▶ _Assigned task_
In the data below, reproduce everything exactly except the images.

▶ _Data segment_
════════

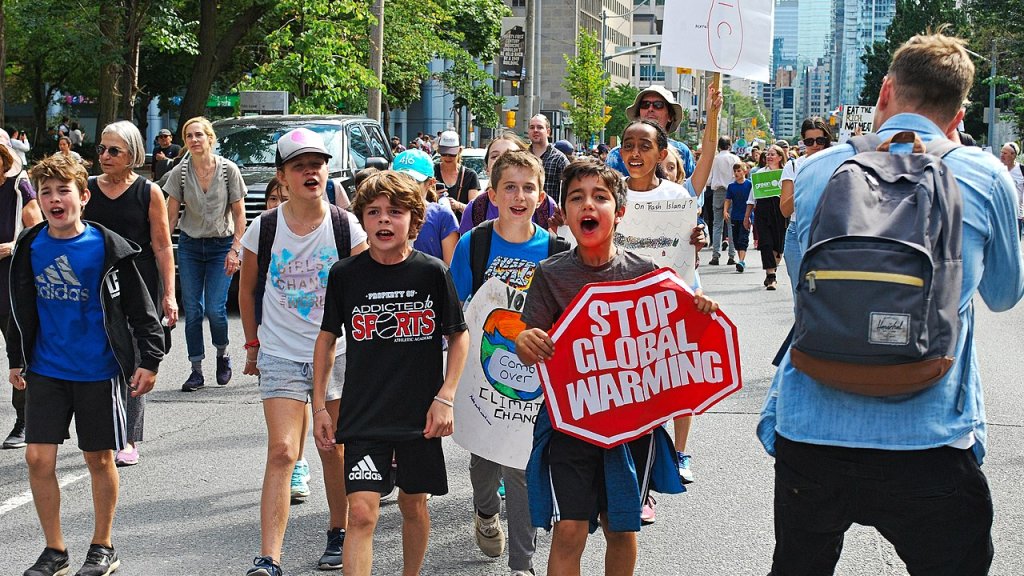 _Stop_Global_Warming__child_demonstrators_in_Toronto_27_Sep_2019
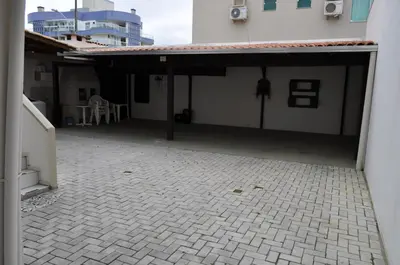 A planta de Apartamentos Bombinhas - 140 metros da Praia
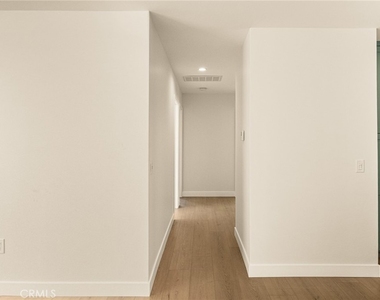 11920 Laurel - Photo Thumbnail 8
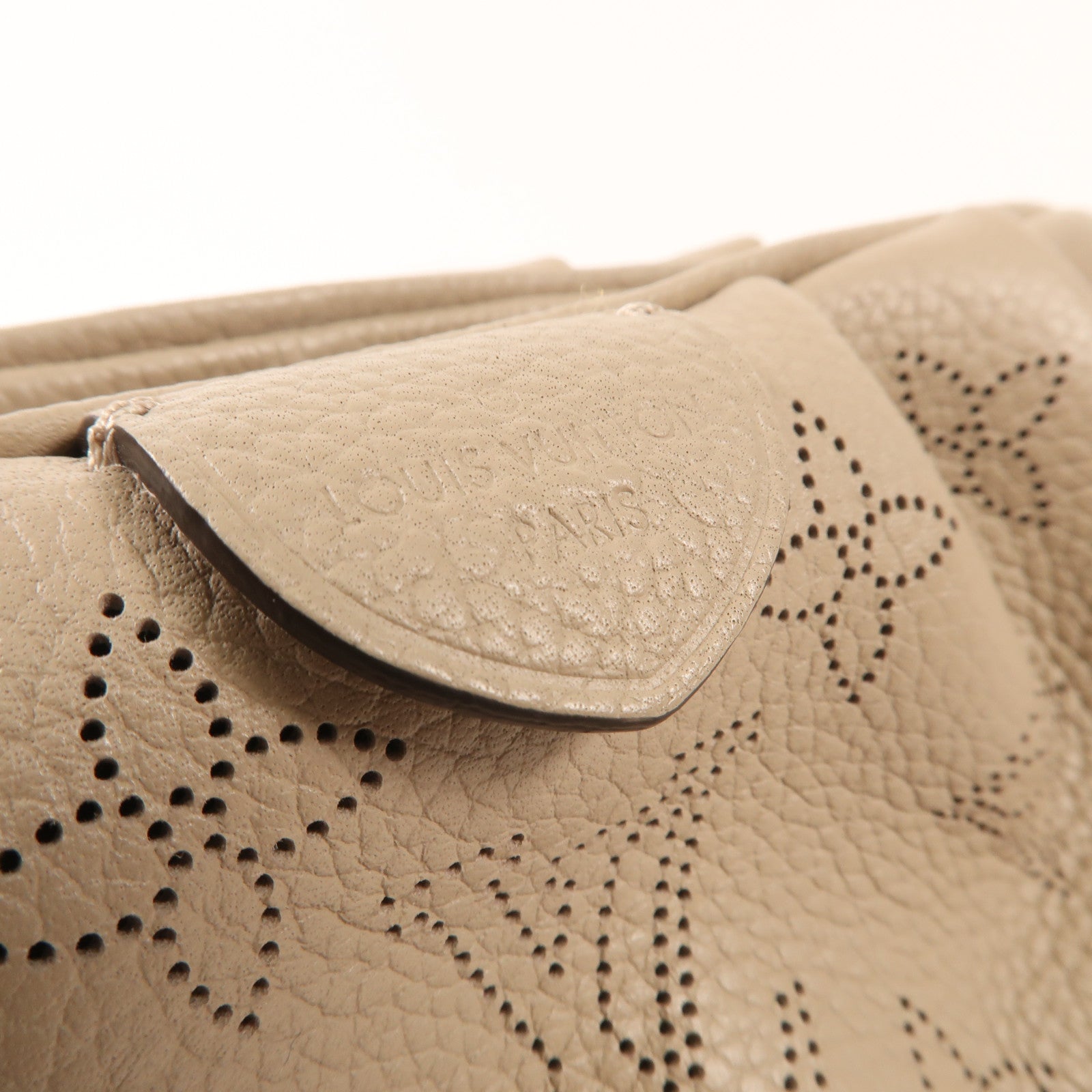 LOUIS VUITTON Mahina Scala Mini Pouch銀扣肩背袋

════════

▶ _Solution for this exercise_
 _Stop_Global_Warming__child_demonstrators_in_Toronto_27_Sep_2019
 A planta de Apartamentos Bombinhas - 140 metros da Praia
 11920 Laurel - Photo Thumbnail 8
 LOUIS VUITTON Mahina Scala Mini Pouch銀扣肩背袋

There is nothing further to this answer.